Hmm, not trying the Asia/Africa tests...I already know I"d do very badly. But the states one was easy--but I've BEEN to very nearly all of them. So easier to remember. I think I realized the only two I really don't know are New Hampshire and Vermont--I'm not sure which is which.


flea - Apr 01, 2003 9:45:06 am PST #2886 of 9843
information libertarian

Vermont is on the left.

Ba-dum bum.


Am-Chau Yarkona - Apr 01, 2003 9:46:51 am PST #2887 of 9843
I bop to Wittgenstein. -- Nutty

I think the only states I got, beyond Maine and California, were by deduction. 'That's next to Virginia-- it could be West Virginia' or 'Just above South Dakota? Probably North Dakota.' I might do better at counties of England, though.

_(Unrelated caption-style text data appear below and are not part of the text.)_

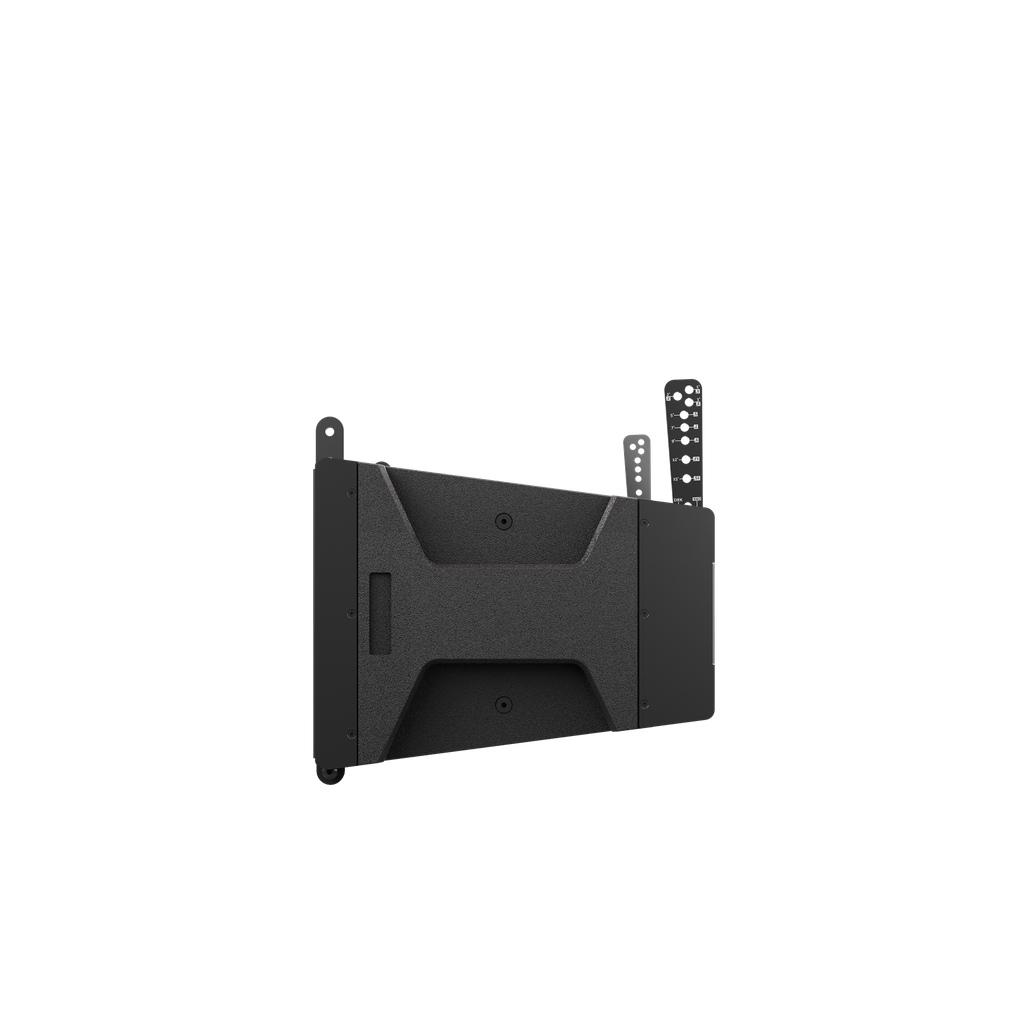 IS210L_Side_MeccanicaOPEN_80mm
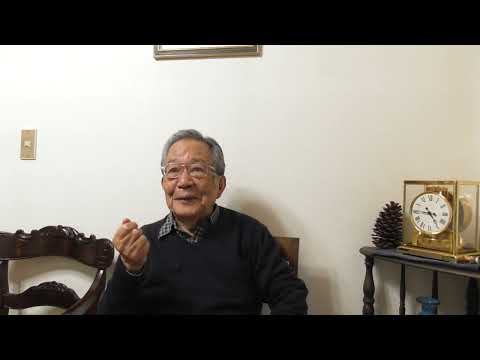 経営学科 概念は孕むもの！田村正紀（田村正紀　神戸大学名誉教授）。商業資本の存立根拠、複合市場性やオルダーソン理論の現代的意義まで話が及ぶ！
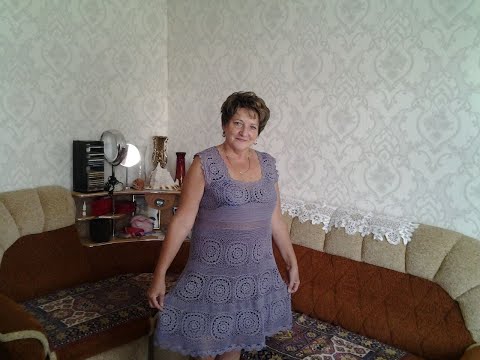 Видео: #VLOG:МОИ ВЯЗАНЫЕ ИЗДЕЛИЯ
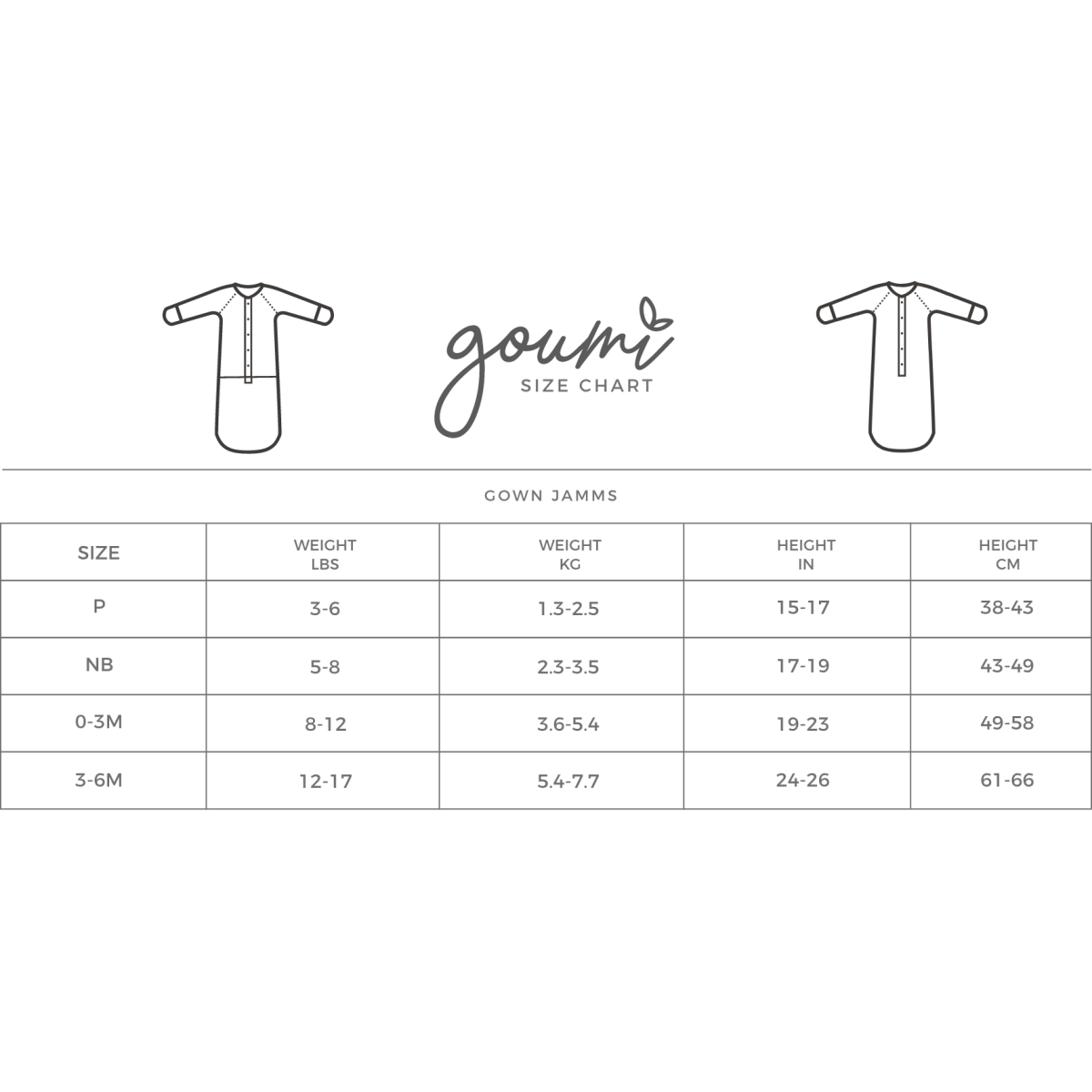 Mitch Storm Gray Convertible Gray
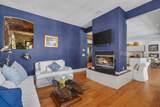 58 Sparwheel Lane - Photo 27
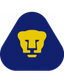 Pumas UNAM U-20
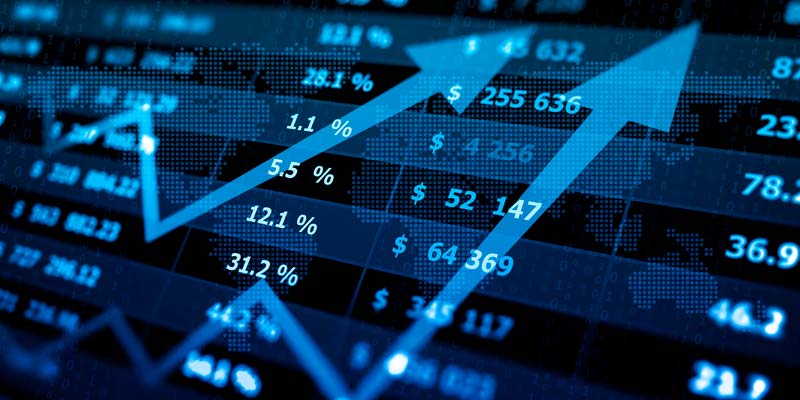 Os Melhores Investimentos - Ações da Kepler Weber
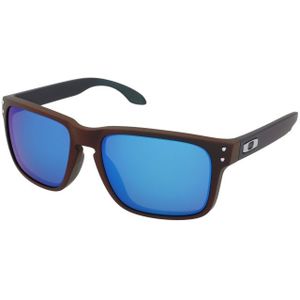 Oakley Holbrook (A) OO9244 924460 Glasdiameter: 56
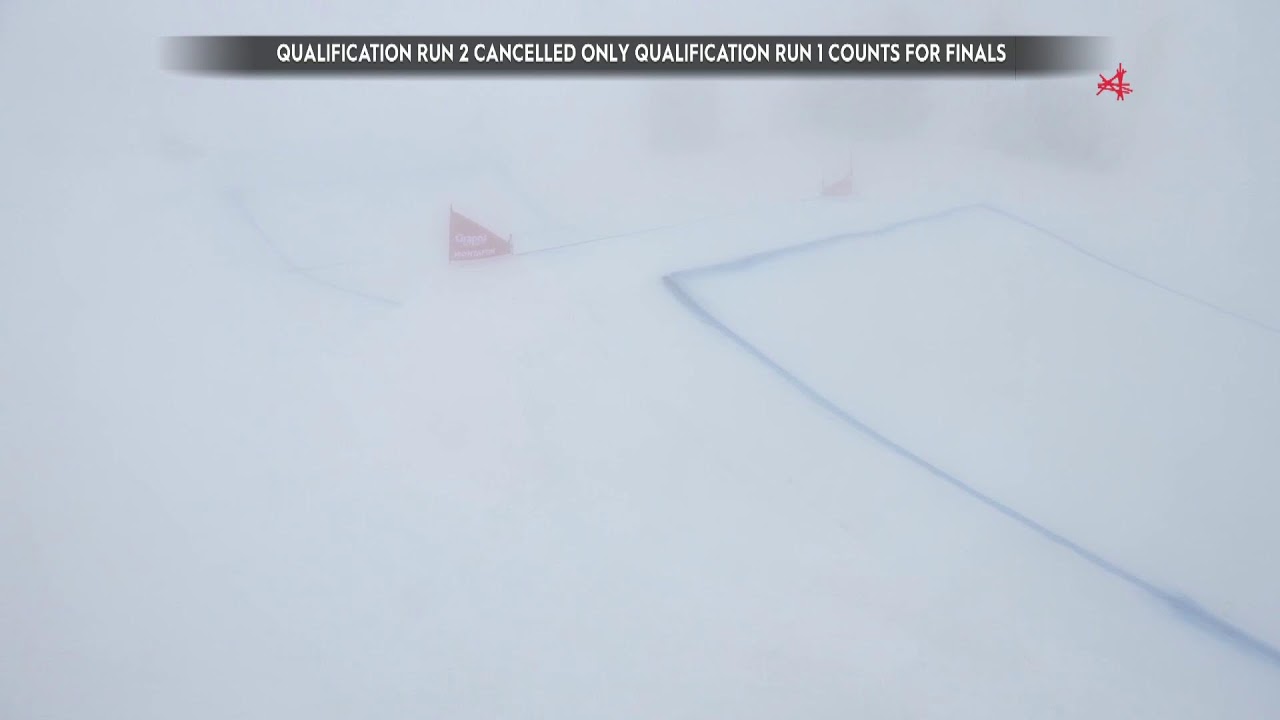 SBX QUALIS MONTAFON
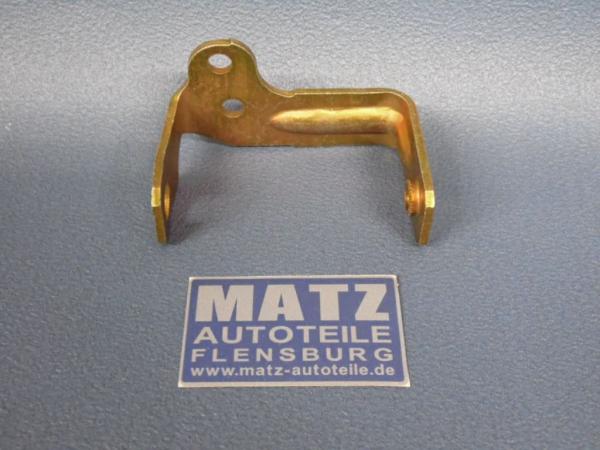 Halter Halter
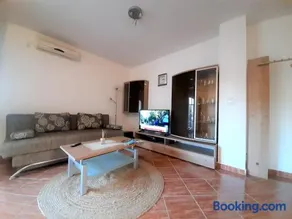 Charming Apartment Angela near Malinska - Image 3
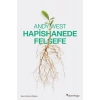 Hapishanede Felsefe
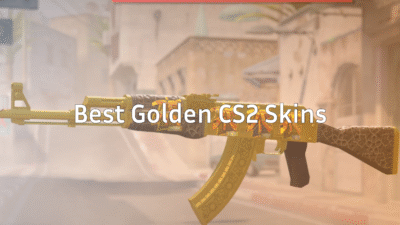best-golden-cs2-skins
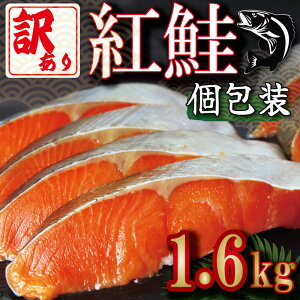 yӂ邳Ɣ[Łz 󂠂 g ؂g  1.6kg Ⓚ É  W  Ⴏ T[ J} É    CN  V[t[h ƒp  ܂ ٓ y Ђ ͂ 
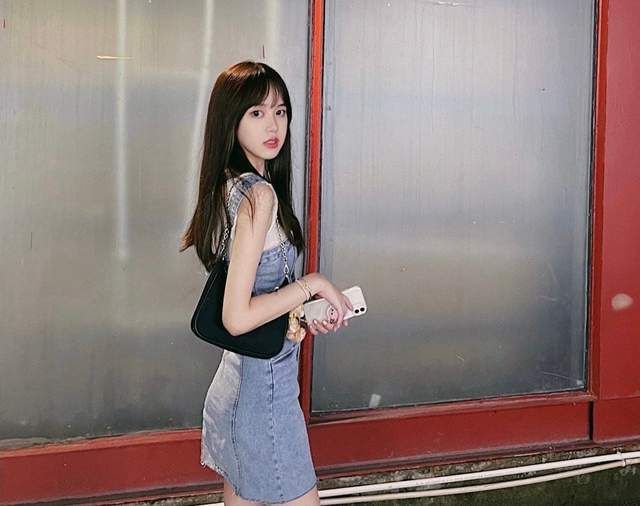 10371.jpg
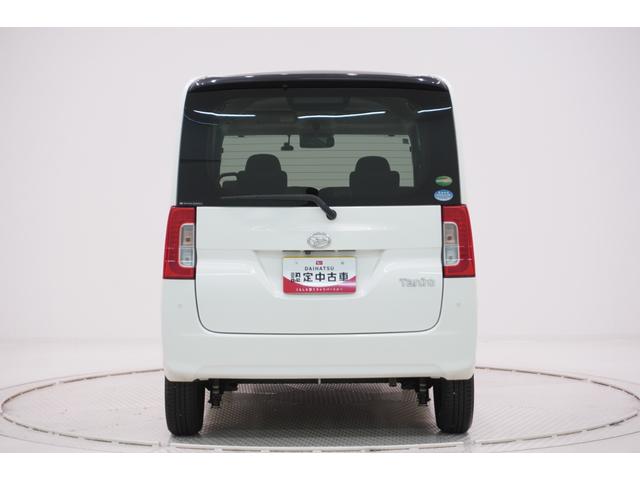 タントＸリミテッド　ＳＡ３シートヒーター　両側パワースライドドア　オートライト　キーフリー　アイドリングストップ　ＵＳＢ入力端子　衝突被害軽減システム　レーンアシスト　オートマチックハイビーム　ティーゼットデオプラス（岡山県）の中古車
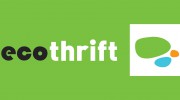 Eco Thrift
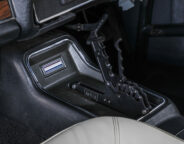 Street Machine Features Josh Tuskin Xw Falcon Shifter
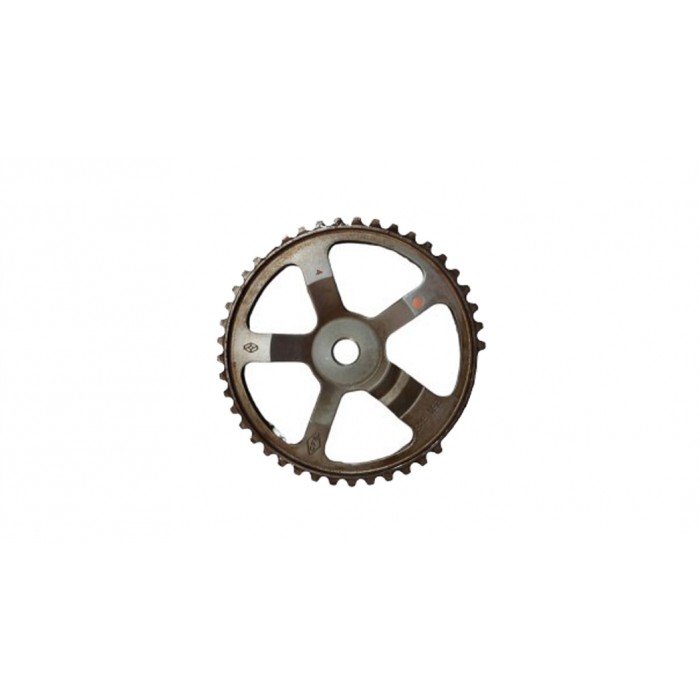 Pignon de Pompe à Haute Pression Pour Renault Megane II Scenic II 8200260235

And I'm thinking about it way too much, aren't I?


DXMachina - Apr 01, 2003 9:47:26 am PST #2888 of 9843
You always do this. We get tipsy, and you take advantage of my love of the scientific method.

Perfect on SE Asia, perfect on North Africa, NSM on West Africa and South Africa. I got the big countries, but there's so many little ones...


Susan W. - Apr 01, 2003 9:47:27 am PST #2889 of 9843
Good Trouble and Righteous Fights

Vermont is to the west--if you can remember that New Hampshire is an original colony and Vermont isn't, it's pretty easy to keep them straight by thinking of order of settlement.

And, I lived in Vermont for a summer.

One of my college friends confessed to me that he couldn't keep Alabama and Mississippi straight. I sort of understand--they're shaped a lot alike--but I was miffed at the time.


moonlit - Apr 01, 2003 9:51:25 am PST #2890 of 9843
"When the world's run by fools it's the duty of intelligence to disobey." Martin Firrell

which really puts this into context,

Rather, the administration sees the invasion as only the first move in a wider effort to reorder the power structure of the entire Middle East. ..."the administration's plan", says Marshall, is "to use U.S. military force, or the threat of it, to reform or topple virtually every regime in the region, from foes like Syria to friends like Egypt, on the theory that it is the undemocratic nature of these regimes that ultimately breeds terrorism."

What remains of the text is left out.